By 1986, Nicks’ usage while away from the band was clearly fatal as doctors told her she had burnt a hole in her nose from excessive usage. After an intervention from her bandmates, who wanted to reunite for a new album, she went to rehab for the first time.

But as the Tango In The Night sessions got underway, her treatment clearly hadn’t taken. “Stevie was the worst she’s ever been. I didn’t recognise her,” Buckingham said, adding sadly, “She wasn’t the person I had once known.”

The blame for the band’s toughest days doesn’t fall solely on Nicks’ shoulders though. Buckingham admits, “Everyone was at their worst, including myself. We’d made the progression from what could be seen as an acceptable or excusable amount of drug use to a situation where we had all hit the wall.”

It was conducive to the times, but in no way conducive to a productive work environment. “The way people were conducting their lives made it difficult to get serious work done. Mick was pretty nuts then. We all were. In terms of substance abuse, that was the worst it got.”

But Nicks was undeniably the worst of them. While the others remained somewhat focused, the singer would totally disappear from sessions. “We spent a year on the record, but we only saw Stevie for a few weeks. I had to pull performances out of words and lines and make parts that sounded like her that weren’t her,” Buckingham said.

Mick Fleetwood was a letdown, too, as the guitarist added, “Half the time, Mick was falling asleep.” All in all, Buckingham concluded, “We had to rise to the occasion.
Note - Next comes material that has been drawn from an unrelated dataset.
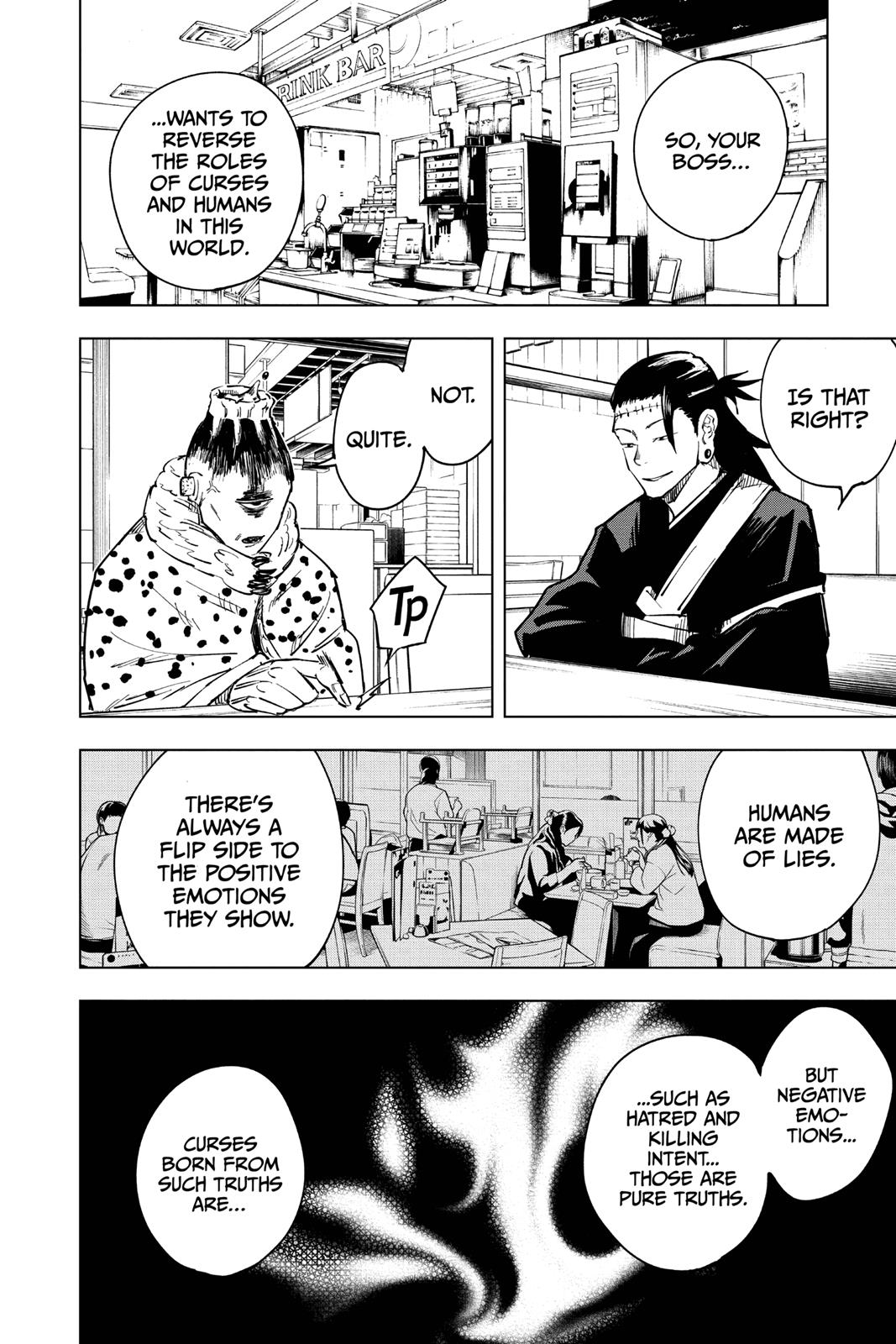 Jujutsu Kaisen Manga Chapter 10 page 16 - After the Rain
It was a very difficult record to make.”

With the band gripped by drug addiction and simply trying to keep it together enough to finish the record, the Tango In The Night sessions mark the “worst” of the band’s history, according to Buckingham. It was an atmosphere so bad that the guitarist walked out at the end of it, signalling the end of Fleetwood Mac’s most successful and well-known lineup.

But was it a good album?

Tango in the Night is, perhaps in spite of itself, an amazing album. It’s a streamlined, gut-punchingly emotional record with no fat and a whole host of fantastically written songs, even more so than their 1975 self-titled record. Buckingham’s ‘Big Love’ and ‘Family Man’ are all-time greats, and even Nicks’ reduced presence can’t take away from the mighty power of ‘Seven Wonders’ and ‘Welcome to the Room… Sara’. But it’s McVie who hits it out of the park time and again, from ‘Everywhere’ to ‘Mystified’ through ‘Isn’t It Midnight’ and especially ‘Little Lies’.

The twinkling keyboards and soft textures transcend their dated technological interfaces and create a backdrop for some of the most twisted, impassioned, and wonderful recordings that the band ever made. This is the end of classic-era Fleetwood Mac, but what a high note to go out on.